Task description: Below are records with pictures. Transcribe exactly, and only, the lines from the line with "Snapshot of mister_dilf" to the line with "Bán gấp nhà", both ends included, but not the pictures.

Study material:
▬▬▬▬▬▬

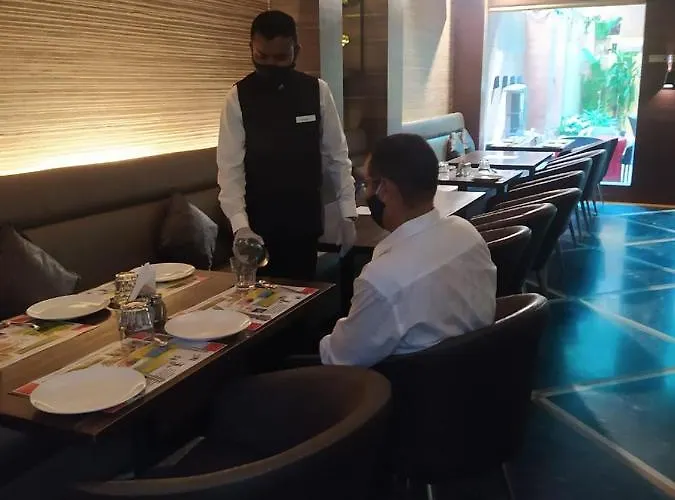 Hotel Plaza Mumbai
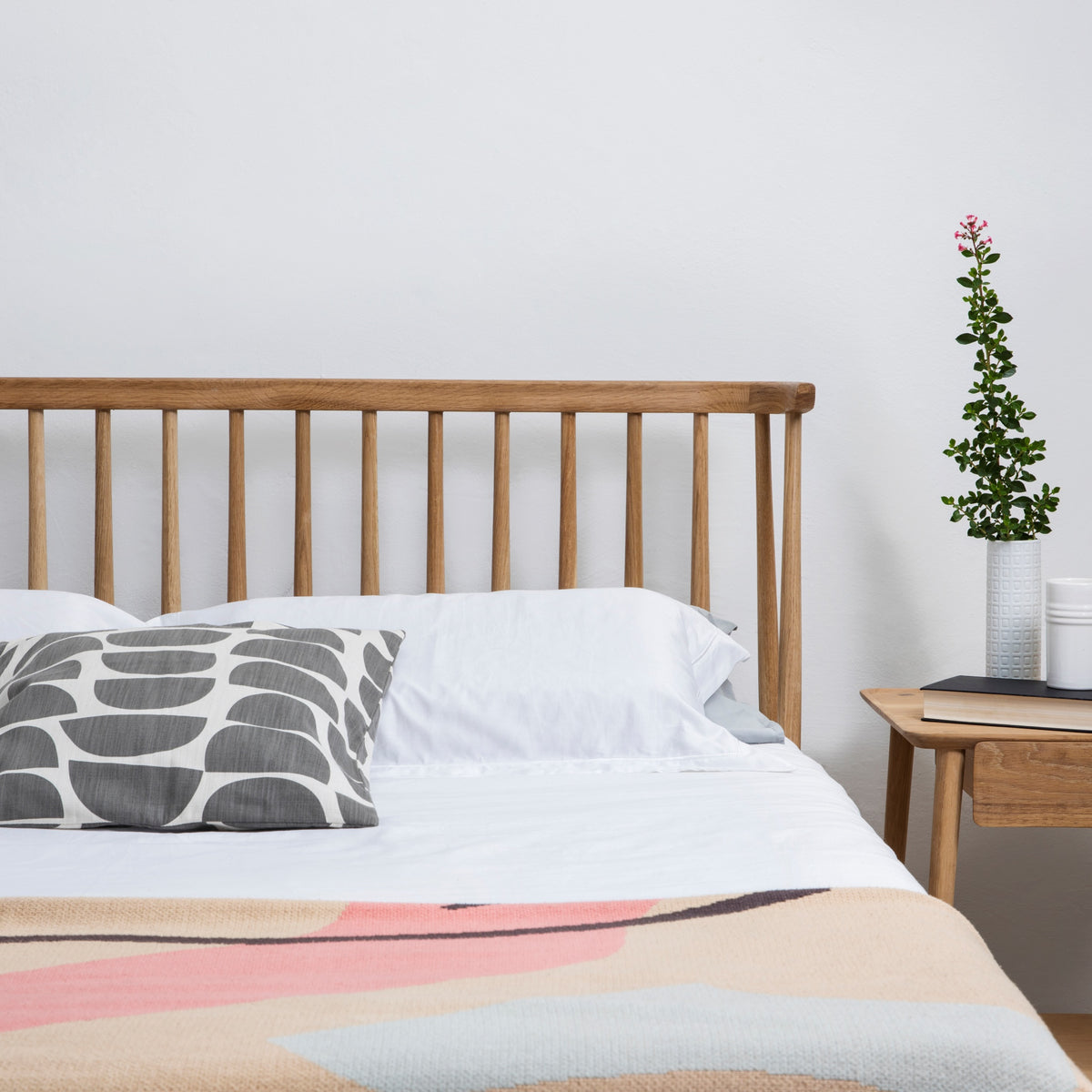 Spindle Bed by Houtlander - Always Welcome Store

▬▬▬▬▬▬

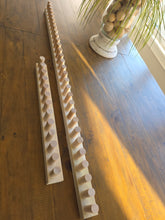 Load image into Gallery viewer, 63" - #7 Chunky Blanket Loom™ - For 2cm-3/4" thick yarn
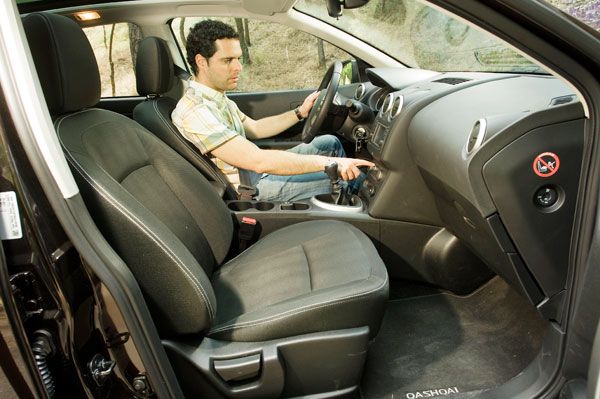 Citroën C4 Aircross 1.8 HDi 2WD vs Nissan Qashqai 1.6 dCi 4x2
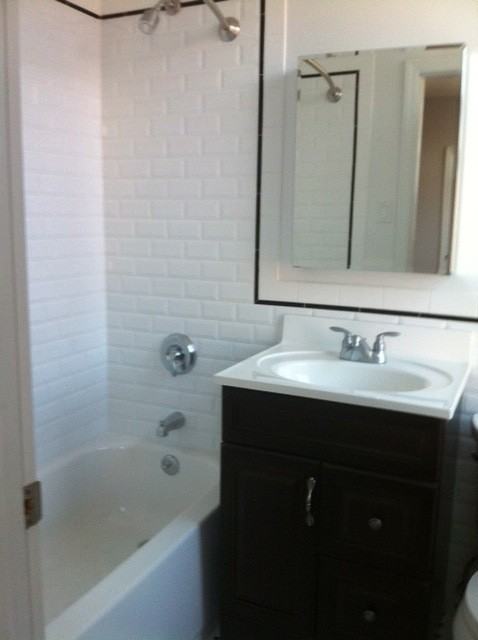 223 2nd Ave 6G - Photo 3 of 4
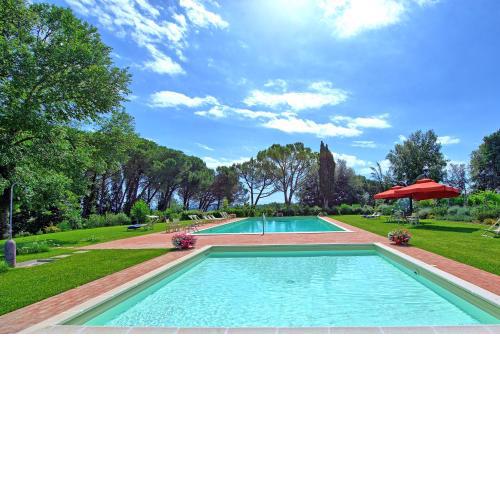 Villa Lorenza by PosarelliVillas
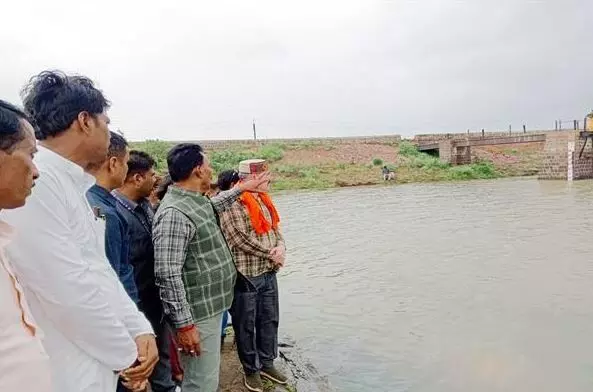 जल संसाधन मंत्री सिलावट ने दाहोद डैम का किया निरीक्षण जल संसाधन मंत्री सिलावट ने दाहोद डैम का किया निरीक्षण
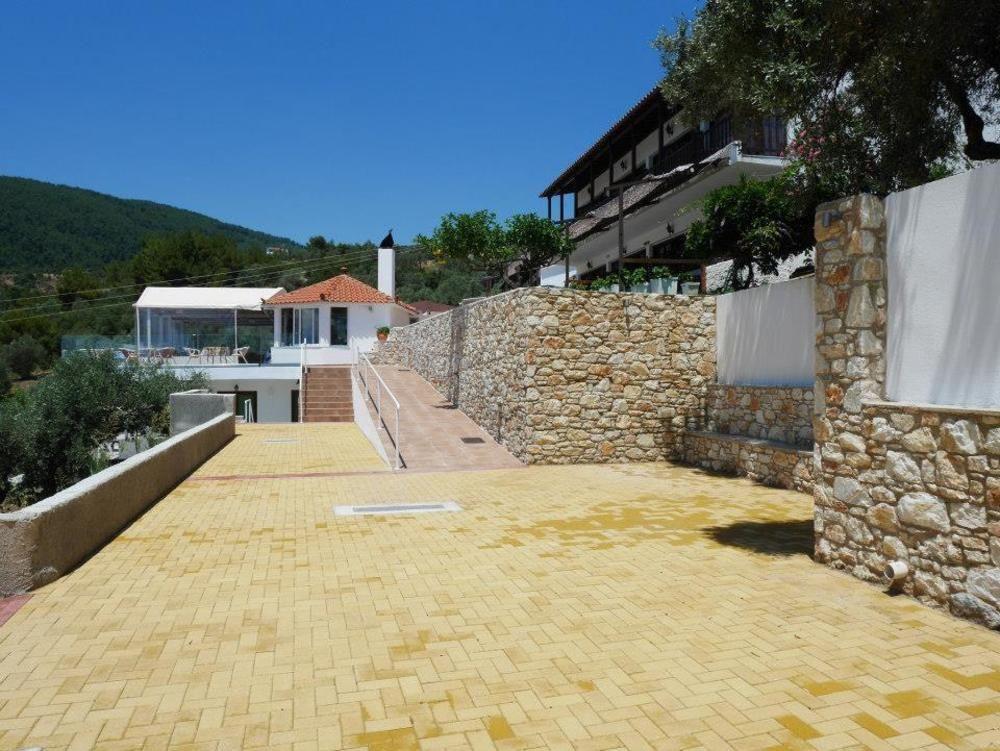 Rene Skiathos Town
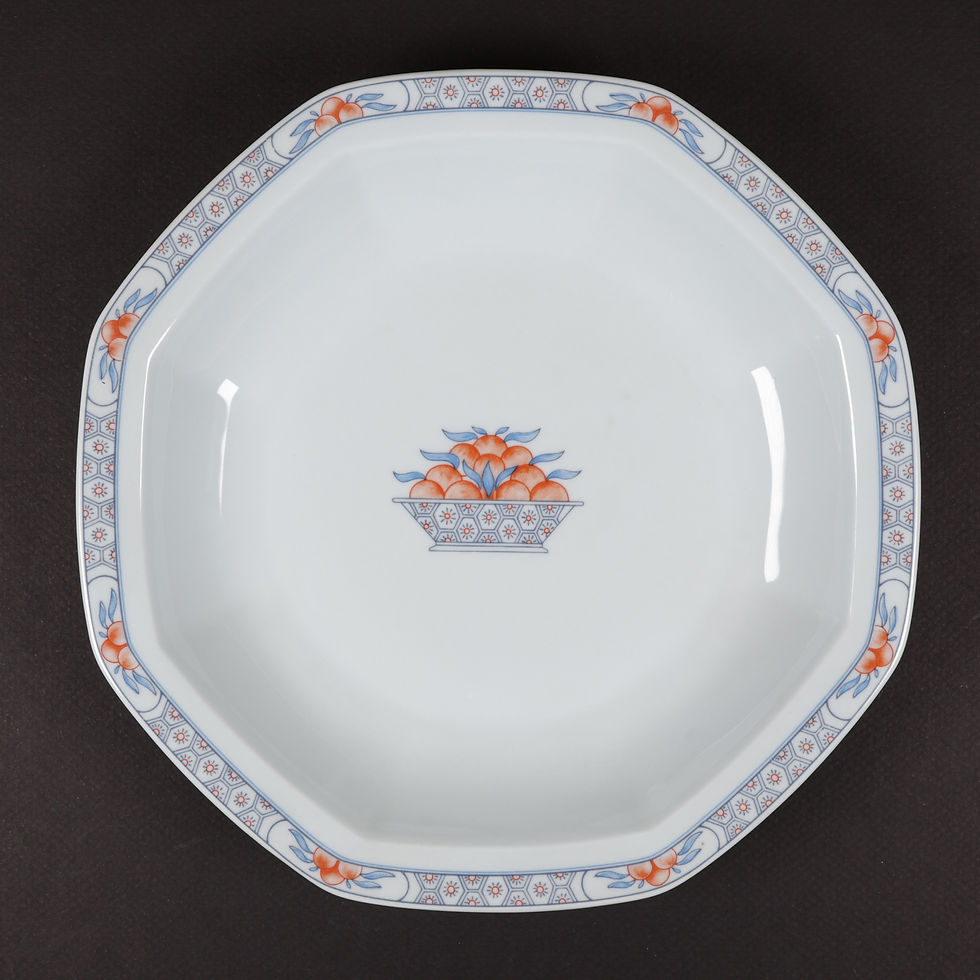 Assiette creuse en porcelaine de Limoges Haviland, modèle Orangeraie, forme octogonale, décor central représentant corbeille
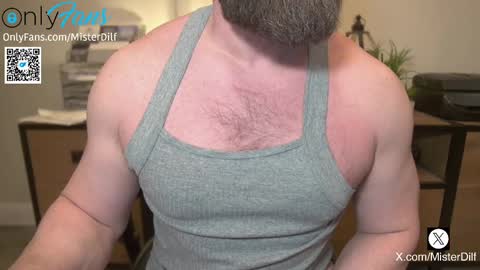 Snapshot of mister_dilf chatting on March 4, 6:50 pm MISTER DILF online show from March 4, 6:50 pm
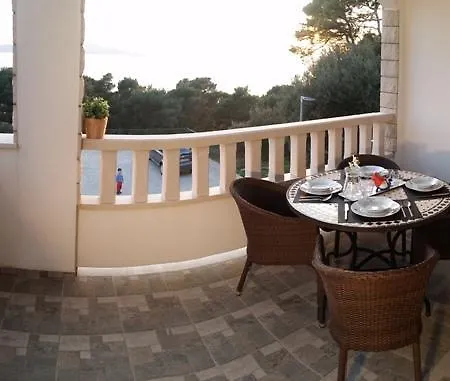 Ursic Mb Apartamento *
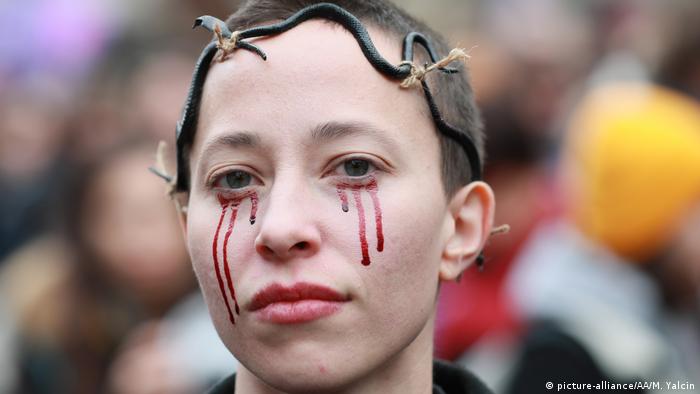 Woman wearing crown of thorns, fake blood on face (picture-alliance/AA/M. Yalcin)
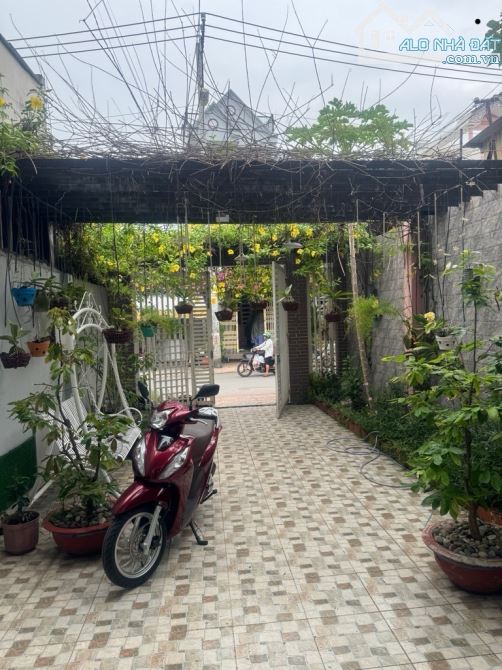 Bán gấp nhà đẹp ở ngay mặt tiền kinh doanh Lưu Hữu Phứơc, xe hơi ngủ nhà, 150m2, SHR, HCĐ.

▬▬▬▬▬▬

Answer box:
 Snapshot of mister_dilf chatting on March 4, 6:50 pm MISTER DILF online show from March 4, 6:50 pm
 Ursic Mb Apartamento *
 Woman wearing crown of thorns, fake blood on face (picture-alliance/AA/M. Yalcin)
 Bán gấp nhà đẹp ở ngay mặt tiền kinh doanh Lưu Hữu Phứơc, xe hơi ngủ nhà, 150m2, SHR, HCĐ.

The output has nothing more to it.